Oder muss sie noch liberaler werden?

Es bleibt also nur die Umwandlung zur spirituellen Wellness-Oase. Warum ist die nicht erfolgreich? Eine weichgespülte Kirche, die alles und jeden toleriert, erschreckt niemanden mehr, ist nicht mehr „zu krass“. Zudem ist der Wille, selbst purer Fantasy zu folgen, ungebrochen. Weite Teile der relativ gebildeten und wohlhabenden deutschen Gesellschaft sind nach wie vor erreichbar für spirituell aufgeladene Erzählungen. Gerade Menschen mit akademischem Background vertrauen auch im Jahr 2022 noch auf Medizin ohne messbare Wirkung, auf Psycho-Konzepte ohne Qualitätsnachweis, auf Sternendeutung ohne Bezug zu Naturgesetzen – einfach weil ein konkretes gut verpacktes Versprechen dahinter steht: sanft gesund werden, sich „selbst finden“, das eigene Schicksal vorhersehen können (was nebenbei bemerkt zu einem erheblichen logischen Paradoxon führen würde).
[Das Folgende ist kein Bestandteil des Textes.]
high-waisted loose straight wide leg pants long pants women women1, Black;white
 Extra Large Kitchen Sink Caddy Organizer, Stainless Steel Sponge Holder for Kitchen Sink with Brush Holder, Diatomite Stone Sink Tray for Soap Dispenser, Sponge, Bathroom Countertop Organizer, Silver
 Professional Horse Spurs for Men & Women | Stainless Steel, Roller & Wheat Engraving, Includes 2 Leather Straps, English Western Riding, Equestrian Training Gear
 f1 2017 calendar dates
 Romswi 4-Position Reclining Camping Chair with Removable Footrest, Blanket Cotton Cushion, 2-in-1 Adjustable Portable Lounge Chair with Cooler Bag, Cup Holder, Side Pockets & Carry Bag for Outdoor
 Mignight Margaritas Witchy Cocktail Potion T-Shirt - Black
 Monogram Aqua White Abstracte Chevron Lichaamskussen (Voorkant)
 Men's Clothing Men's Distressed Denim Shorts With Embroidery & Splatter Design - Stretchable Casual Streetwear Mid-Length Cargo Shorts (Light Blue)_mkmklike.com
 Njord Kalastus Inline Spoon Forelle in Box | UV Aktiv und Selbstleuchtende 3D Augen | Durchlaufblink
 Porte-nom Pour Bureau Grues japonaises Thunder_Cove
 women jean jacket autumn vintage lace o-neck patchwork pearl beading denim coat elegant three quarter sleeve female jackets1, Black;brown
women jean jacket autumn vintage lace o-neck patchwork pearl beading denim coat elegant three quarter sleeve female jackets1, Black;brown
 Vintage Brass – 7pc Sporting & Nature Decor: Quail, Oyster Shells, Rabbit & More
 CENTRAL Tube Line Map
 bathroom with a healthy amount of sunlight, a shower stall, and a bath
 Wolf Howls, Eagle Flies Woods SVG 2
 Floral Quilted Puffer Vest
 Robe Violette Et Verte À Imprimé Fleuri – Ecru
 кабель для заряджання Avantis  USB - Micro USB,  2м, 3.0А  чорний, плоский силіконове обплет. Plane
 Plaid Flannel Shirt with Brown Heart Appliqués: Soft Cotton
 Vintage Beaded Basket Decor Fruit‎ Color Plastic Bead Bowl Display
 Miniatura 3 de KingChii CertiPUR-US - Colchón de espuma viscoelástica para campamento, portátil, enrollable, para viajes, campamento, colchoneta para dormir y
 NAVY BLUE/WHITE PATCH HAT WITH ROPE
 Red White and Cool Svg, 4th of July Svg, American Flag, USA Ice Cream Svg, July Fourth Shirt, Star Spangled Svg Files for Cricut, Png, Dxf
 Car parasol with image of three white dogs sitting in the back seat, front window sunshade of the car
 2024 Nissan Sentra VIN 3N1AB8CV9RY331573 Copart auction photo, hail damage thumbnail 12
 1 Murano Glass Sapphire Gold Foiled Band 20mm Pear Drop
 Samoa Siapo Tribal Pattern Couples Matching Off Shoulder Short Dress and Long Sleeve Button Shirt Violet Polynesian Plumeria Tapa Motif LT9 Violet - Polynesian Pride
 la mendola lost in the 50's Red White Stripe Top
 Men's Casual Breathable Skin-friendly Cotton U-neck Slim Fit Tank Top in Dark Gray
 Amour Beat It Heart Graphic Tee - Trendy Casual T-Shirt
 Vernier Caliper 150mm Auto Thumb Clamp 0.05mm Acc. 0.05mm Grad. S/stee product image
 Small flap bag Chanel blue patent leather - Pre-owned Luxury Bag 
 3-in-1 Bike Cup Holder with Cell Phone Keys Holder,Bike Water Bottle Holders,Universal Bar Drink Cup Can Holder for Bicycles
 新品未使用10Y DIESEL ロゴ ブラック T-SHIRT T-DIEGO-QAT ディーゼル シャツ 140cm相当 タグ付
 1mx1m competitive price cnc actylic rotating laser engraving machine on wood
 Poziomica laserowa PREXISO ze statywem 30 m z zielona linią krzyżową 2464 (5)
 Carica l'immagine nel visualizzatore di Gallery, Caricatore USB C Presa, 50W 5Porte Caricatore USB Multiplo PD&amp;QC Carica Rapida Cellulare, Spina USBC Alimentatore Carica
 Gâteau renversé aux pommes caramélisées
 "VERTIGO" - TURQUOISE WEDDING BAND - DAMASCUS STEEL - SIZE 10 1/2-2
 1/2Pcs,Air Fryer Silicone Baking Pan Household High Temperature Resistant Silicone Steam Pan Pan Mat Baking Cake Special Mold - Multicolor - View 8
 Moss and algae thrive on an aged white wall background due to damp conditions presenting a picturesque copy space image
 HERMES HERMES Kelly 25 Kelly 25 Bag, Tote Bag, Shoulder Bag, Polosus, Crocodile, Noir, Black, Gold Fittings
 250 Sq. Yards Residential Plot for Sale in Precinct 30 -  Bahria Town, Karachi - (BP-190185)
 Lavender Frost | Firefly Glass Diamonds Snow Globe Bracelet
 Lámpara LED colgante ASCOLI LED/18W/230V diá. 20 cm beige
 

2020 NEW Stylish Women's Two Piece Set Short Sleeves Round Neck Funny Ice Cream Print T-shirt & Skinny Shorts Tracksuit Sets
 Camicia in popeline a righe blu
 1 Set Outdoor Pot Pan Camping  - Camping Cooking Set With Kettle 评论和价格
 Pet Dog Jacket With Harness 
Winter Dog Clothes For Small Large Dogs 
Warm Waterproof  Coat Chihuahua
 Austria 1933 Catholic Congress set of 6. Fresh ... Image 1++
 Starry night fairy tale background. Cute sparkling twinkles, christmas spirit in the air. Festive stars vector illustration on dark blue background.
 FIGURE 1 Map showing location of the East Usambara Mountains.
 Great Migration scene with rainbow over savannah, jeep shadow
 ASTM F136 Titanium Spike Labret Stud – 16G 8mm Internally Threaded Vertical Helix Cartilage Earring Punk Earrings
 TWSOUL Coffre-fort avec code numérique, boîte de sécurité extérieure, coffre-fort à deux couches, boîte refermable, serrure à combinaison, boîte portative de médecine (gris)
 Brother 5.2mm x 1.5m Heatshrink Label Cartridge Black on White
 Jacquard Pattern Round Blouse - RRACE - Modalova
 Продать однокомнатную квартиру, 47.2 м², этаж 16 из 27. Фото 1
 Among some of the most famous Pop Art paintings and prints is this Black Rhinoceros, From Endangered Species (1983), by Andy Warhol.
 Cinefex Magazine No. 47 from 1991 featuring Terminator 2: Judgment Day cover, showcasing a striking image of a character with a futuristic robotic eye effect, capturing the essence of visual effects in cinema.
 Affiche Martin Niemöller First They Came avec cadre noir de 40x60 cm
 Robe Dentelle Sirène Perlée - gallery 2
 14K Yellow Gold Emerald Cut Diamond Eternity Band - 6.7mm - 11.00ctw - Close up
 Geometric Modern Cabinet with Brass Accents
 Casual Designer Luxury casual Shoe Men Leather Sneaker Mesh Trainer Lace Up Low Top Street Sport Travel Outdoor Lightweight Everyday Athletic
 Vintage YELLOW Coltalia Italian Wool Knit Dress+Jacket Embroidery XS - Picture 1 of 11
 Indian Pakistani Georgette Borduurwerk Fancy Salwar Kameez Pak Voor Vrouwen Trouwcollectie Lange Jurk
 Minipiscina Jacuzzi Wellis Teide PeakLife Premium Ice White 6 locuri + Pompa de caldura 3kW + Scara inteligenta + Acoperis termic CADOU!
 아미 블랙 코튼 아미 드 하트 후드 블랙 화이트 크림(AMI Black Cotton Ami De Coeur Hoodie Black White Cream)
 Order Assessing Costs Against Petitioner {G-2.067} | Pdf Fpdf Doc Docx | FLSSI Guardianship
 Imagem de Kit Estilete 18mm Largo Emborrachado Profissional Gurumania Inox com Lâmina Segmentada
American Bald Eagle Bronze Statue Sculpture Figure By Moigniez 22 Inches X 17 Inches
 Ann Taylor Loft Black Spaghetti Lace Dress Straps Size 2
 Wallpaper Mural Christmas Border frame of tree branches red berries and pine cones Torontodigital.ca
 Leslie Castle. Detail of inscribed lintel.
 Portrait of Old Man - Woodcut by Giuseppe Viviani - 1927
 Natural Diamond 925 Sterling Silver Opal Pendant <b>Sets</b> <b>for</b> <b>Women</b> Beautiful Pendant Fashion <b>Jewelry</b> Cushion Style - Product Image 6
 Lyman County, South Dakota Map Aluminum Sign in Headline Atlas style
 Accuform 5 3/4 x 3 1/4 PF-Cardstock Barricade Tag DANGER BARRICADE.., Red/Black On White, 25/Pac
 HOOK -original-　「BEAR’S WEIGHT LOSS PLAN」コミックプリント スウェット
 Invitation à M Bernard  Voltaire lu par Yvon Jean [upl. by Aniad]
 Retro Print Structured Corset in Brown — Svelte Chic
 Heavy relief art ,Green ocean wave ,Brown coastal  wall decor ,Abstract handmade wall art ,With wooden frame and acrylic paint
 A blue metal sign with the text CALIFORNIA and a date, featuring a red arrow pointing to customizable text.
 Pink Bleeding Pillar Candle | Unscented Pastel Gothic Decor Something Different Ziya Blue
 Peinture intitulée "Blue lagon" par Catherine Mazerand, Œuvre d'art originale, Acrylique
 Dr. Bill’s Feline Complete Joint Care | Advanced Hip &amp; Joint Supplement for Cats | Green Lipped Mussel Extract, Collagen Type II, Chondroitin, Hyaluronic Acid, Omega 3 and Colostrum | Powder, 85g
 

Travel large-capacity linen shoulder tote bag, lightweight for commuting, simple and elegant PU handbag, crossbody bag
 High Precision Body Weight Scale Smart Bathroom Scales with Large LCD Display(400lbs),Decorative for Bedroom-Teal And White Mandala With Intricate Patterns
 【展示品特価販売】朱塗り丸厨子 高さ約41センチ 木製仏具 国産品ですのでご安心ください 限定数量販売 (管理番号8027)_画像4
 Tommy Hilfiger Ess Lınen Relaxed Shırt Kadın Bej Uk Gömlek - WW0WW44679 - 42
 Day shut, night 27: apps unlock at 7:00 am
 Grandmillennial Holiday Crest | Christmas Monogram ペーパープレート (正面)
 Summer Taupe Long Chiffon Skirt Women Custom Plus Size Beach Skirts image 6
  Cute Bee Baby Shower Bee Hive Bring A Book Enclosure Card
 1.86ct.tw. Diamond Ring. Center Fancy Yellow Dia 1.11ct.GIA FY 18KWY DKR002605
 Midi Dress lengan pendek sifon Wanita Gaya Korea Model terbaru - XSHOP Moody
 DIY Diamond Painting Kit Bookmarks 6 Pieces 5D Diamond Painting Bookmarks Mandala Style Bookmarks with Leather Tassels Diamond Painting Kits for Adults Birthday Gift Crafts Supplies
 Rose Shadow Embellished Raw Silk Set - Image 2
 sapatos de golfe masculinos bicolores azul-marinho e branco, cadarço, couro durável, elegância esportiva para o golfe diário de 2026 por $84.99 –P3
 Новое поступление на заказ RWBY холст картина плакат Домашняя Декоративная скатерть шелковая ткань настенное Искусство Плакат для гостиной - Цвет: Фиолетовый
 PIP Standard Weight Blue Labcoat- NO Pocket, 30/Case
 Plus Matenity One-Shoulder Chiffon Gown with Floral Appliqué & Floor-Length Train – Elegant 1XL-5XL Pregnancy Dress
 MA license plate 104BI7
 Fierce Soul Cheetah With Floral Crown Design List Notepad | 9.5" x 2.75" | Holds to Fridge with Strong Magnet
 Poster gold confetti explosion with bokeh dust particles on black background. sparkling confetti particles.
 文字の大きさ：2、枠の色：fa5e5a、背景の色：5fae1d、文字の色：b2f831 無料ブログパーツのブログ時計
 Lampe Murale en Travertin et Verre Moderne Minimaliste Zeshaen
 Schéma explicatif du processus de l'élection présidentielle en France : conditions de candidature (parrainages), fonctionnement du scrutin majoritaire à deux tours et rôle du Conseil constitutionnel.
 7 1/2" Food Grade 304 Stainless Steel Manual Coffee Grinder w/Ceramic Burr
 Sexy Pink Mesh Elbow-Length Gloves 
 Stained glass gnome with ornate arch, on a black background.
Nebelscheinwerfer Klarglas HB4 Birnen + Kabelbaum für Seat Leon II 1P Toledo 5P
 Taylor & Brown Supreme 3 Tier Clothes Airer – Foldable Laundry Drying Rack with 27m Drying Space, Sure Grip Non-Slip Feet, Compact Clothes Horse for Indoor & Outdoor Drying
Man könnte also sagen, dass alle jene Gebiete, für die Kirche lange Zeit der Allzweckreiniger war, mittlerweile von Spezialisten besetzt sind, die es besser können.

Zurück zu den Kirchenvertretern. Auch Margot Käßmann, ehemals Landesbischöfin von Hannover, ist sich sicher: Ohne Kirche geht es nicht. Dem evangelischen „Sonntagsblatt“ sagte die Theologin: „Die Kirchen werden gebraucht, um den Menschen Halt, Kraft und Trost zu geben. Die Botschaft von der Liebe Gottes wird gebraucht, um Menschen aufzurichten.“

Wirklich die Liebe Gottes? Ist es nicht wahrscheinlicher, dass Pastorinnen und Pastoren Menschen aufrichten, einfach durch eine nette und empathische Ansprache sowie Zeit zum Gespräch? Nehmen wir die in den Elbvororten zahlreich anzutreffenden Senioren: Die brauchen vor allem Kontakt zu Kindern und Enkeln, hilfreiche Nachbarn, ein ausgebautes Gesundheitssystem, einen Bringdienst fürs Theater und jemanden, der ihnen das Smartphone erklärt.

Alleinerziehende würden der Liebe Gottes fraglos Kinderbetreuung, Transferleistungen, eine flexible Verwaltung und ein funktionierendes Netzwerk vorziehen.

Das alles kostet, genau wie die Kirche. 50,3 Prozent der Deutschen haben entschieden, wo das Geld besser angelegt ist, und ihr Anteil wächst rasant.

 

Gemeindeaustritte im Islam?

Der Grad der Religiosität bei Einwanderern ist ein ungelöstes Problem der Sozial­forschung. Da der Islam in Deutschland bei Weitem nicht den Organisationsgrad der christlichen Kirchen aufweist, gibt es praktisch keine verlässlichen offiziellen Zahlen. Der Anteil der Muslime in Deutschland wurde in der Vergangenheit vielfach nach Herkunft bestimmt.

Wer also aus einem arabischen Land kam, wurde von Amts wegen zu einem Muslim, gleichgültig ob er oder sie nun gläubig ist oder nicht. Aus diesem Grund lässt sich auch die Anzahl derer, die sich von islamischen Gemeinden abwenden allenfalls schätzen.